W minionym tygodniu policjanci otrzymali zgłoszenie o pożarze niezamieszkałego domu pod Grójcem. Zbieg okoliczności chciał, że przed zdarzeniem technik kryminalistyki z grójeckiej komendy, będąc w czasie wolnym od służby, zauważył znanego mu służbowo mężczyznę, który wychodził z tego budynku z tzw. chodzikiem dla osób niepełnosprawnych. Po chwili dowiedział się, że w tym właśnie budynku jest pożar. Funkcjonariusz natychmiast poinformował dyżurnego o możliwości popełnienia przestępstwa przez widzianego mu 36-letniego mężczyznę, który wcześniej był zatrzymywany za podobne czyny.
Dzięki szybkiej reakcji technika i czynnościom podjętym przez mundurowych z patrolówki zatrzymano mieszkańca gminy Grójec. Okazało się, że sprawca po włamaniu się do domu, dokonał kradzieży chodzika, a przed wyjściem podpalił budynek.
Po analizie zebranego materiału zatrzymanemu przedstawiono trzy zarzuty, kradzieży z włamaniem oraz dwóch podpaleń. Ponieważ dodatkowo okazało się, że ten sam mężczyzna 13 stycznia br. podpalił inny pustostan, powodując tym samym straty opiewające na kilkanaście tysięcy złotych.

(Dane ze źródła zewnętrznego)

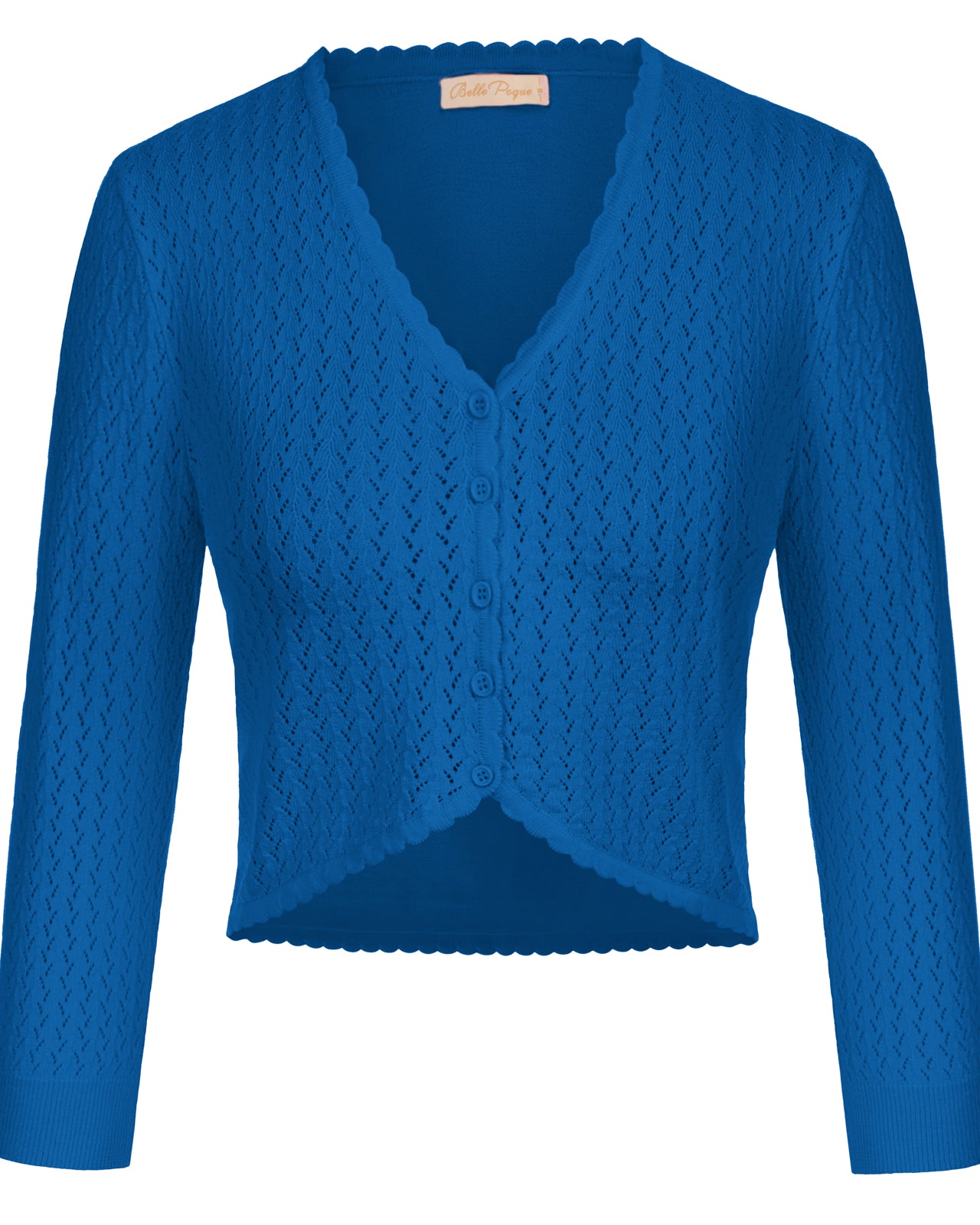 belle poque Hollowed-Out Cardigan 3/4 Sleeve V-Neck Button-up Cropped Knitwear Blue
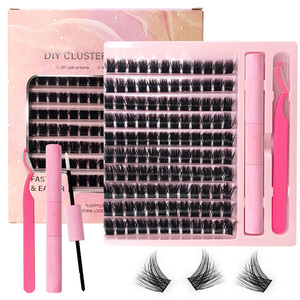 Làm bằng tay sang trọng Faux Mink cụm phân khúc Lash nhãn hiệu riêng customlogo cá nhân mở rộng bán buôn DIY cụm lông mi Kit - Product Image 2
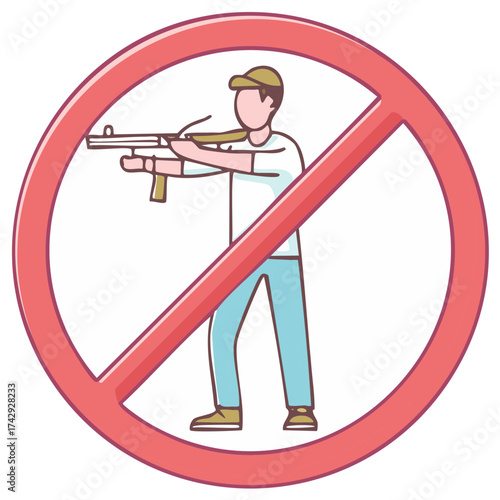 Prohibited slingshot weapon symbol icon for no dangerous objects or projectile use warning
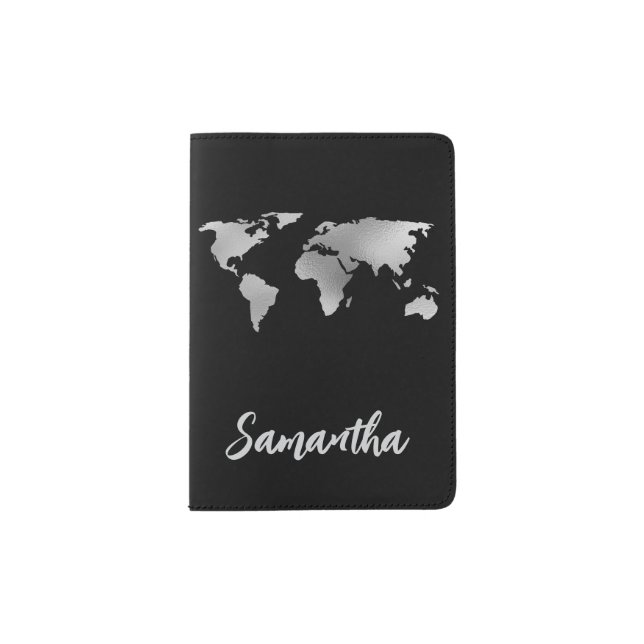 Rose Gold World Map Personalized  Passport Holder (Front)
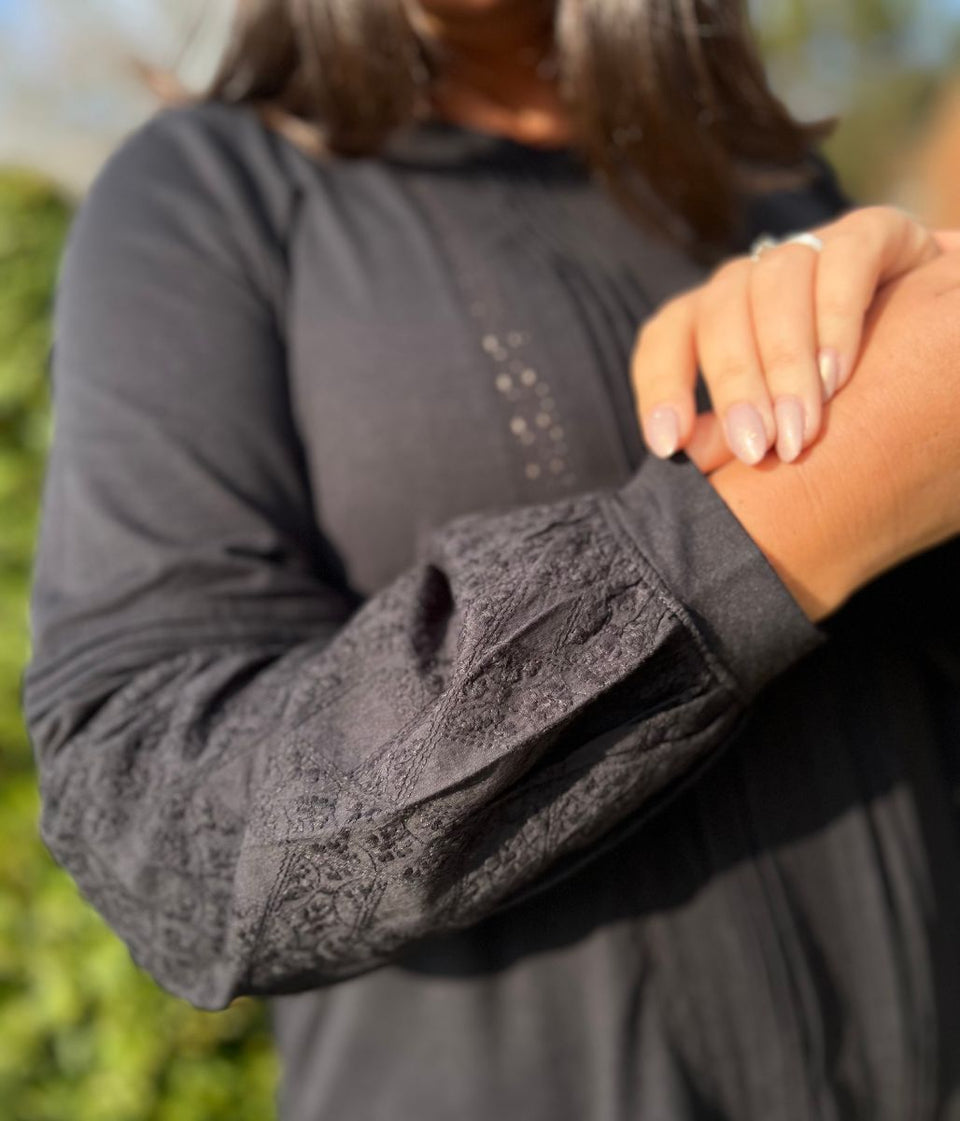 Black Pintuck Long Sleeve Top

Na podstawie zebranego przez policjantów materiału dowodowego prokuratura skierowała do sądu wniosek o zastosowanie środka zapobiegawczego w postaci aresztu. Decyzją sądu, 36-latek trafił na najbliższe trzy miesiące za kratki.
Za popełnione czyny grozi mu do 10 lat pozbawienia wolności. Sprawa ma charakter rozwojowy. Funkcjonariusze sprawdzają czy zatrzymany mężczyzna nie dokonał innych przestępstw.